Task requirements
What is printed must match, line for line, the records from their first line through the line containing "This is the ring", with pictures left out.

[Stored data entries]
____________

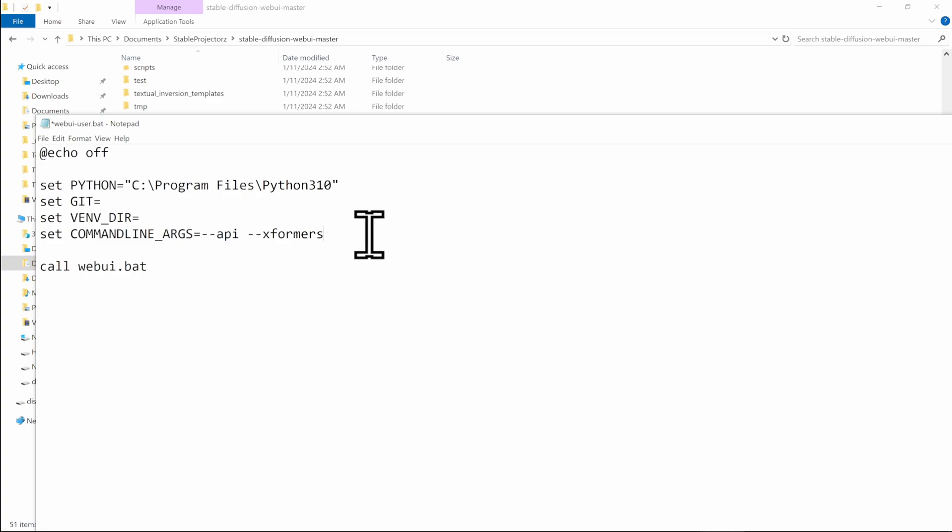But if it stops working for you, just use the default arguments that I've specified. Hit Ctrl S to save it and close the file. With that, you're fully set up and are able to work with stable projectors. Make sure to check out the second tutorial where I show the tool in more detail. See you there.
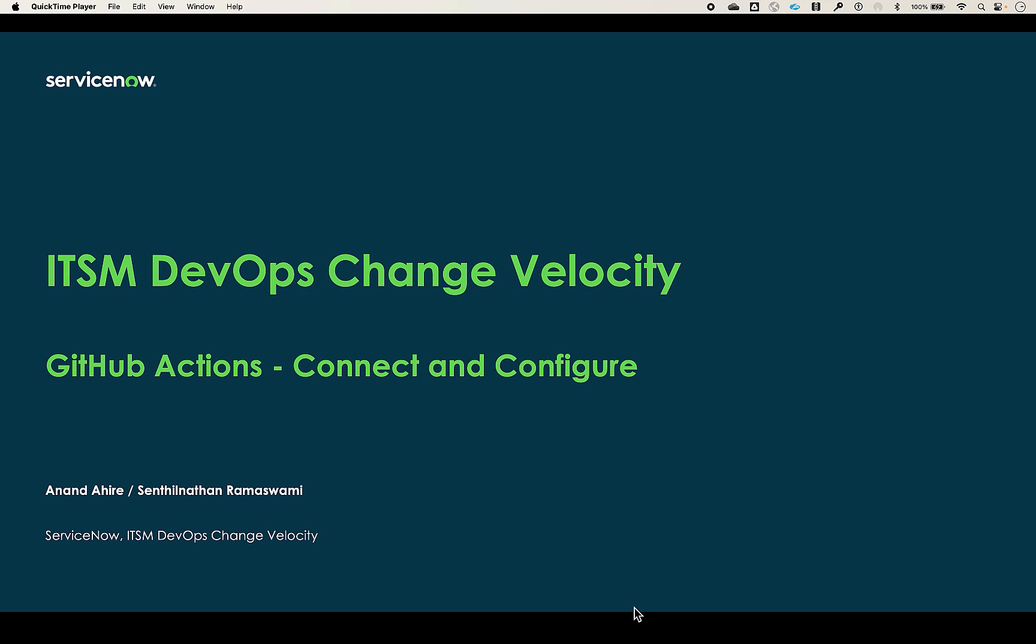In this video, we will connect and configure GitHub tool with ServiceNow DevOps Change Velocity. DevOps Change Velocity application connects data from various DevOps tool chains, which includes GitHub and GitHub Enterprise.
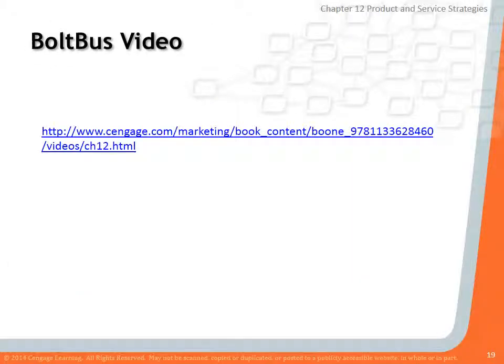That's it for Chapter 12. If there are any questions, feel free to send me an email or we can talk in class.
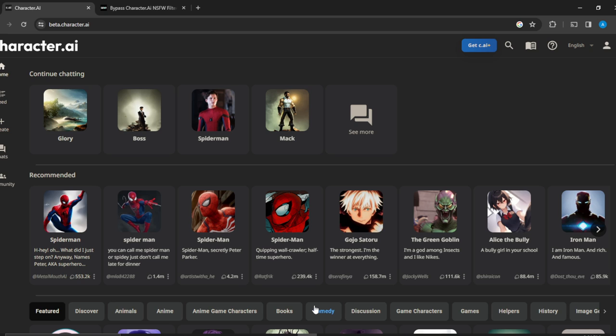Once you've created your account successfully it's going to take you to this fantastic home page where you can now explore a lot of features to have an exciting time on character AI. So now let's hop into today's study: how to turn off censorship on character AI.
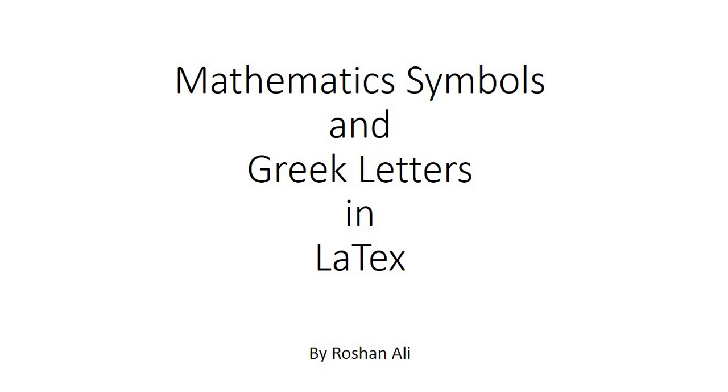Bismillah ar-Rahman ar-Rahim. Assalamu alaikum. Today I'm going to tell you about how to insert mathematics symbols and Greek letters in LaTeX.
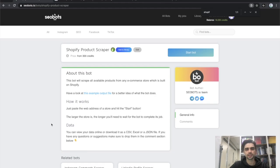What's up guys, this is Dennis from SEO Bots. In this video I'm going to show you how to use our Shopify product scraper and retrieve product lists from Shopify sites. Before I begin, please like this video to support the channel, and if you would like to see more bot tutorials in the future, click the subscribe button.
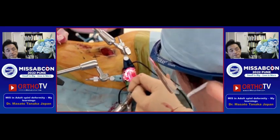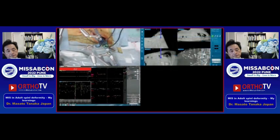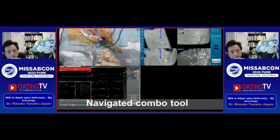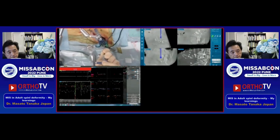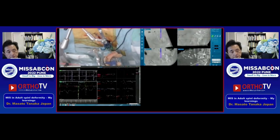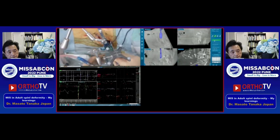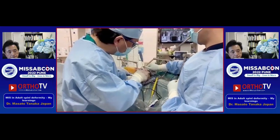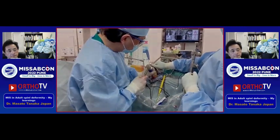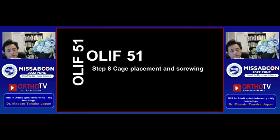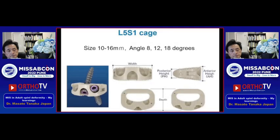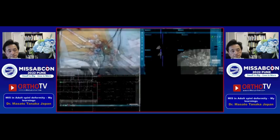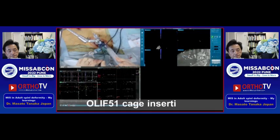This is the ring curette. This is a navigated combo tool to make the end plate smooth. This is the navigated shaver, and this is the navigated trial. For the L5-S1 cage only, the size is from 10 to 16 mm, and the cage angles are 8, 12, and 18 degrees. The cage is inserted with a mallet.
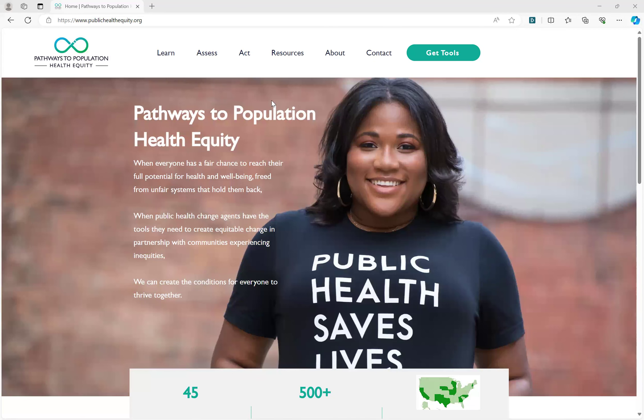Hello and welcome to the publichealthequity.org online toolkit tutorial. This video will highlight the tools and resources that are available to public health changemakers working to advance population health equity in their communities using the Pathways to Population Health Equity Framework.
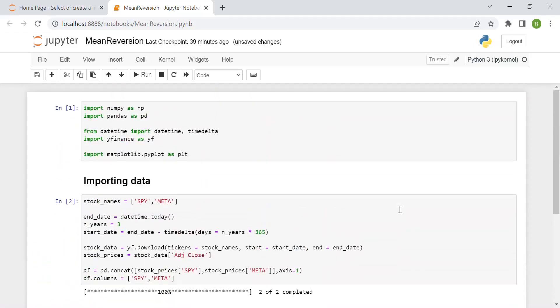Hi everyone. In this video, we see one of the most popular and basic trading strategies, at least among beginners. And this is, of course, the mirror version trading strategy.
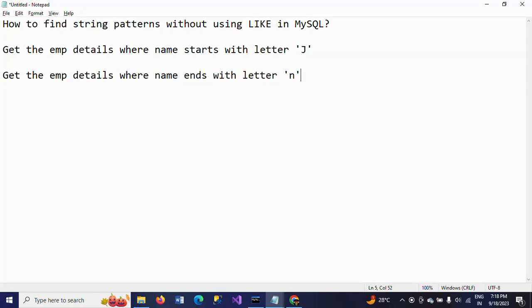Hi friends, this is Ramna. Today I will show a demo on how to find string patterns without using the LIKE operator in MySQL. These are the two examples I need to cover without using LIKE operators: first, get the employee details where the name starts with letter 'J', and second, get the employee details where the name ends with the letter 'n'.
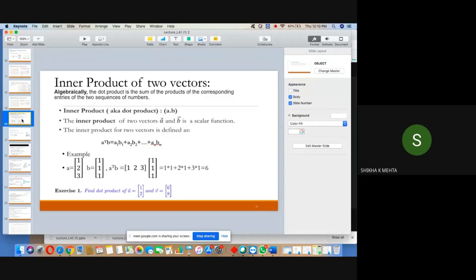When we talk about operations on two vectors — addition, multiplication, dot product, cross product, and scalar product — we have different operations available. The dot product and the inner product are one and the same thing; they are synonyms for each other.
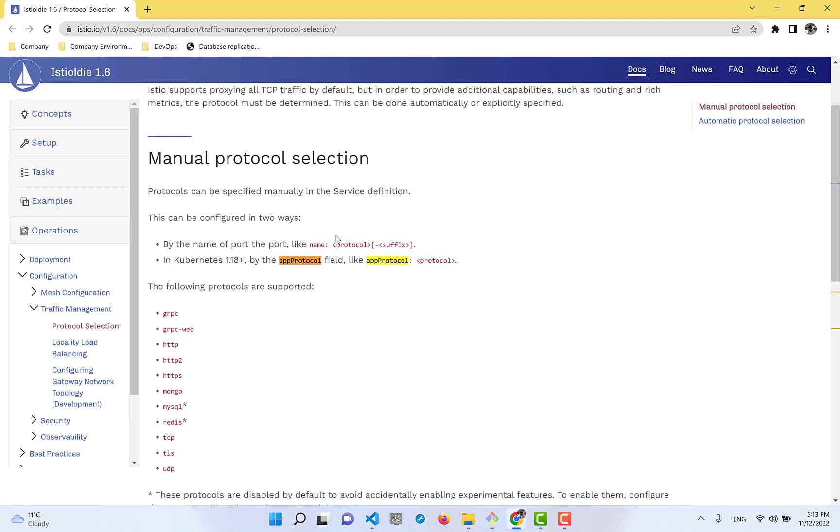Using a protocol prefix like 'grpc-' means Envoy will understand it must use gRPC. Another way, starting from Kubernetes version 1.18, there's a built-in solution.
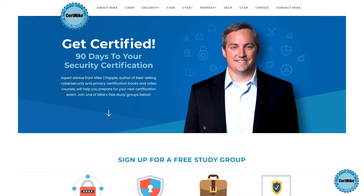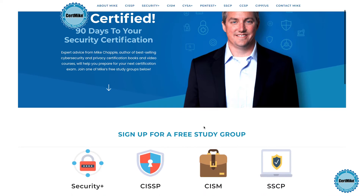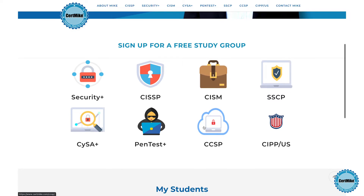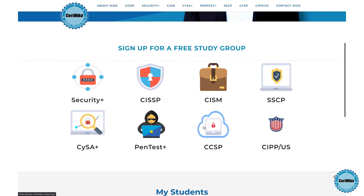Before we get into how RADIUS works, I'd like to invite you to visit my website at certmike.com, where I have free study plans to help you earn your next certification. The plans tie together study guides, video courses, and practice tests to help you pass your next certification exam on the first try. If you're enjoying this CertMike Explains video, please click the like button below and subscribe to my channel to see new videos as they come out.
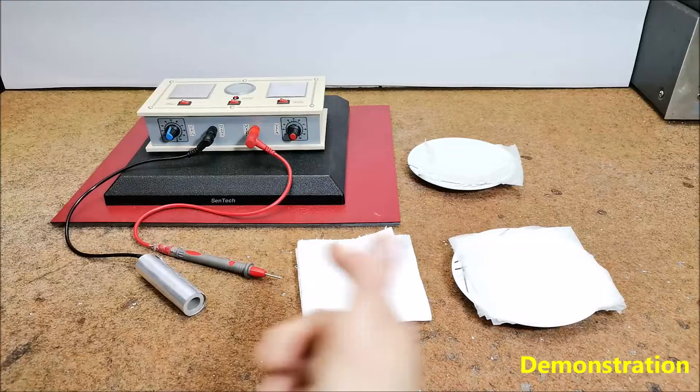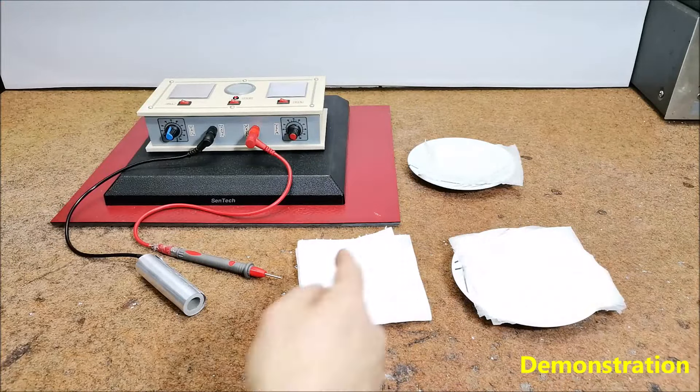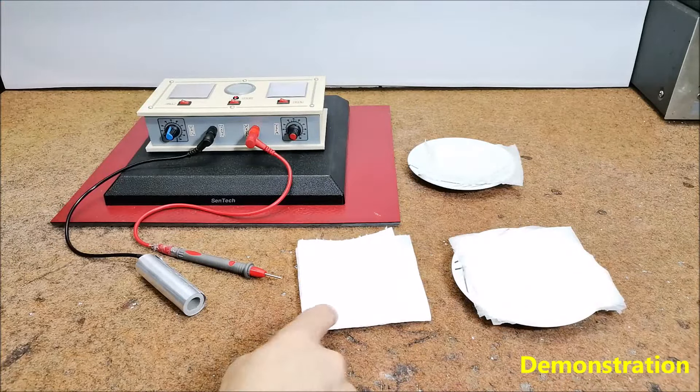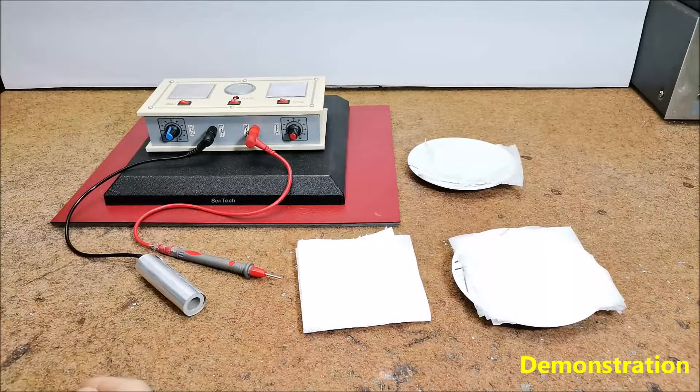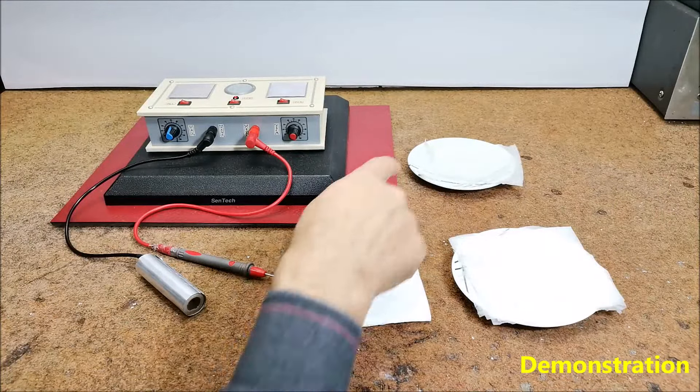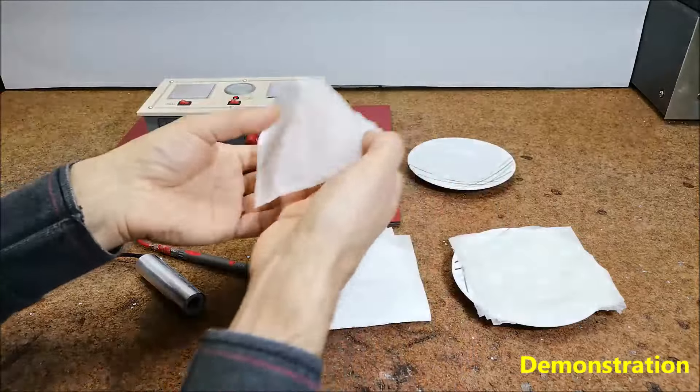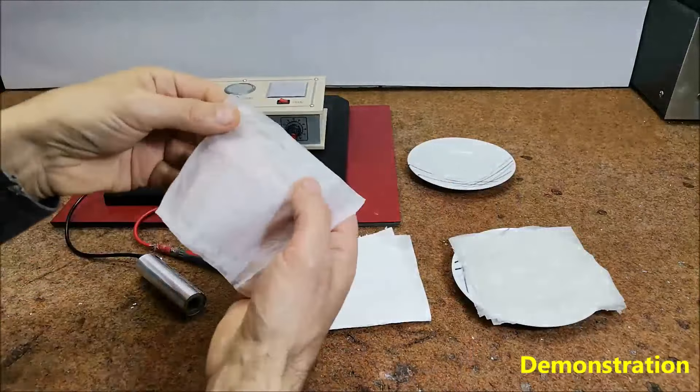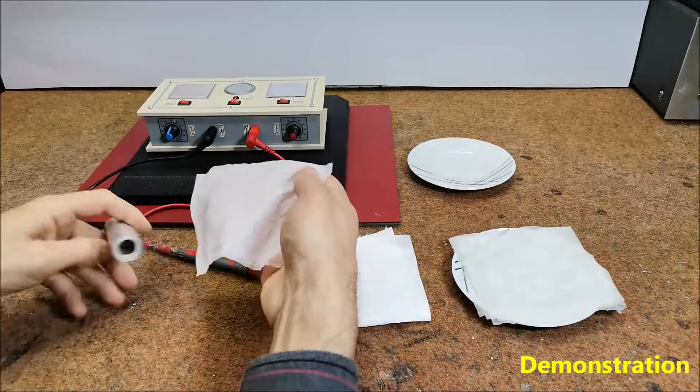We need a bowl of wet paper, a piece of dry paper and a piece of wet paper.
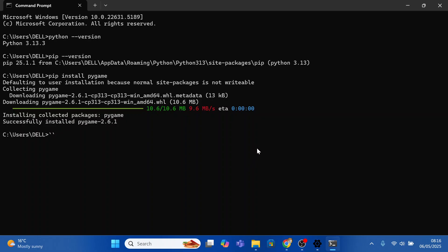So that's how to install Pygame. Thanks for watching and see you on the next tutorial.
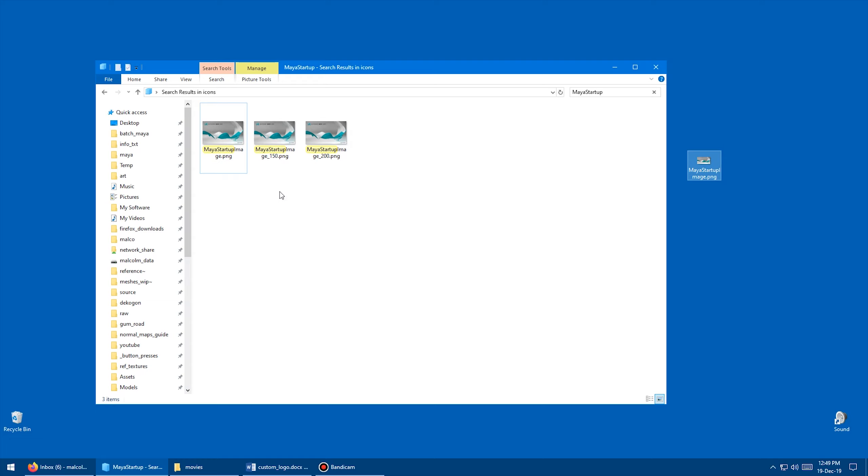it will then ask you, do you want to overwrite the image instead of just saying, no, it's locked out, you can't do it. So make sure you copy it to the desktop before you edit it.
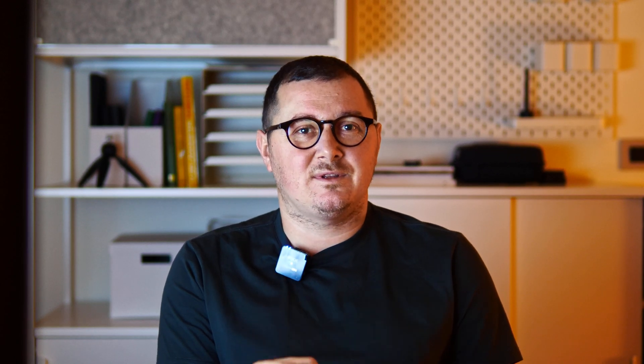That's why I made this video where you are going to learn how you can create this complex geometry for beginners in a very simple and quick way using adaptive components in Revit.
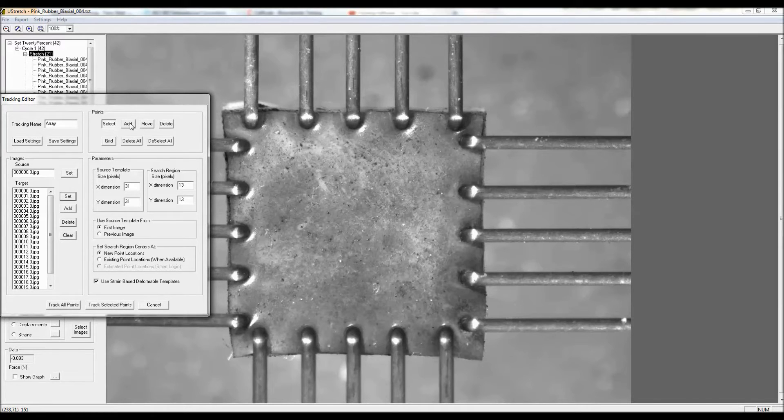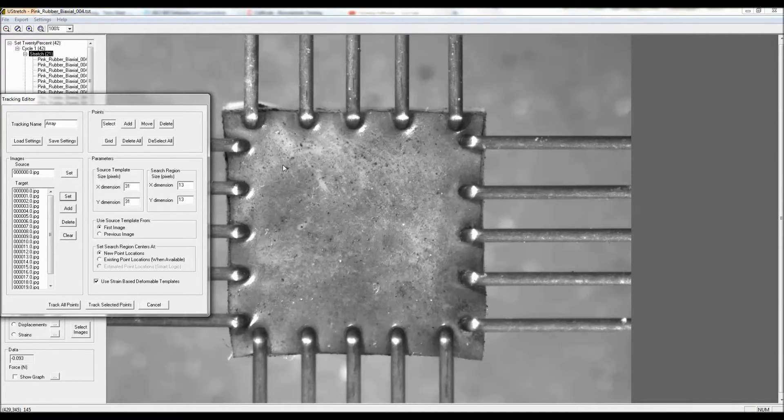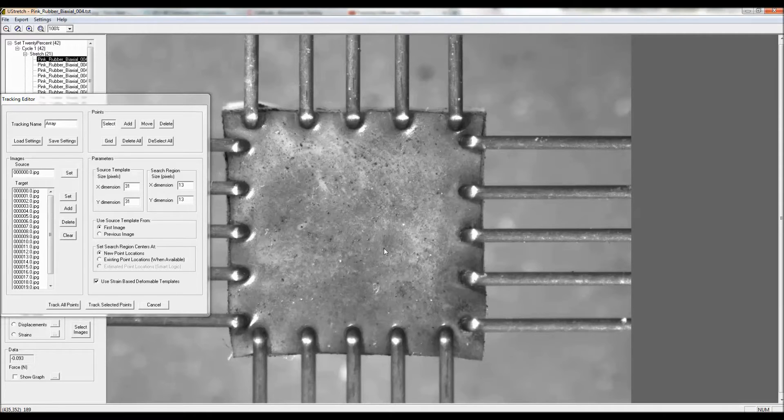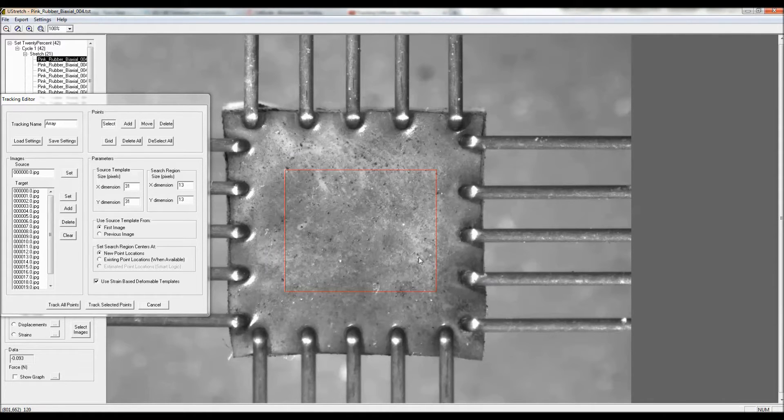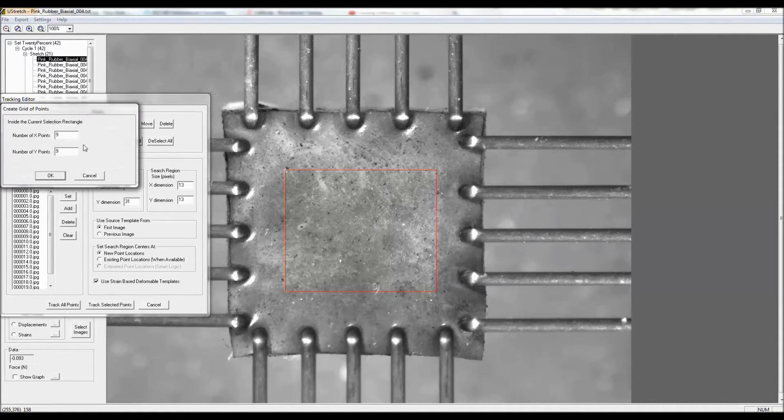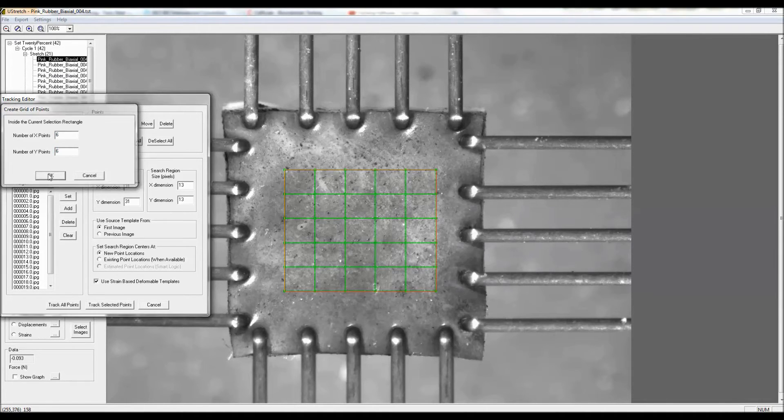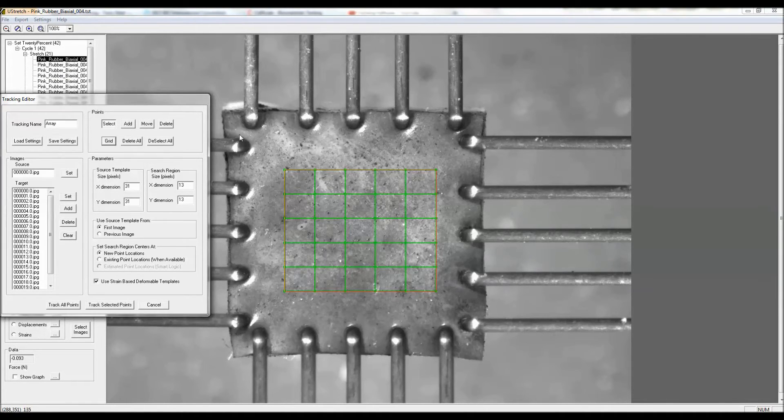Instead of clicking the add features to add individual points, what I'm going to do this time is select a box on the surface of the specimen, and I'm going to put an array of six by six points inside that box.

____________

Expected answer
But if it stops working for you, just use the default arguments that I've specified. Hit Ctrl S to save it and close the file. With that, you're fully set up and are able to work with stable projectors. Make sure to check out the second tutorial where I show the tool in more detail. See you there.
In this video, we will connect and configure GitHub tool with ServiceNow DevOps Change Velocity. DevOps Change Velocity application connects data from various DevOps tool chains, which includes GitHub and GitHub Enterprise.
That's it for Chapter 12. If there are any questions, feel free to send me an email or we can talk in class.
Once you've created your account successfully it's going to take you to this fantastic home page where you can now explore a lot of features to have an exciting time on character AI. So now let's hop into today's study: how to turn off censorship on character AI.
Bismillah ar-Rahman ar-Rahim. Assalamu alaikum. Today I'm going to tell you about how to insert mathematics symbols and Greek letters in LaTeX.
What's up guys, this is Dennis from SEO Bots. In this video I'm going to show you how to use our Shopify product scraper and retrieve product lists from Shopify sites. Before I begin, please like this video to support the channel, and if you would like to see more bot tutorials in the future, click the subscribe button.
This is the ring curette. This is a navigated combo tool to make the end plate smooth. This is the navigated shaver, and this is the navigated trial. For the L5-S1 cage only, the size is from 10 to 16 mm, and the cage angles are 8, 12, and 18 degrees. The cage is inserted with a mallet.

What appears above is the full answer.